_AIM OF THE EXERCISE:_ From the entries below, return exactly the lines beginning at the one that contains "Muffin cakes in" and ending at the one that contains "Graphic designers interacting", both of them included, and only those lines.

_DATA SUPPLIED:_
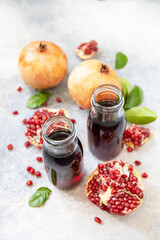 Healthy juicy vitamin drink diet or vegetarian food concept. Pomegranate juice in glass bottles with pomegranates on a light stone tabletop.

...

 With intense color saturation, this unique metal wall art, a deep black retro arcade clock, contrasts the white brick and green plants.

==

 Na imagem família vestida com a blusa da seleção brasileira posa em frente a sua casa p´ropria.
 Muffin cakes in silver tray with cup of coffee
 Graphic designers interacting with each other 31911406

_SOLUTION:_
 Muffin cakes in silver tray with cup of coffee
 Graphic designers interacting with each other 31911406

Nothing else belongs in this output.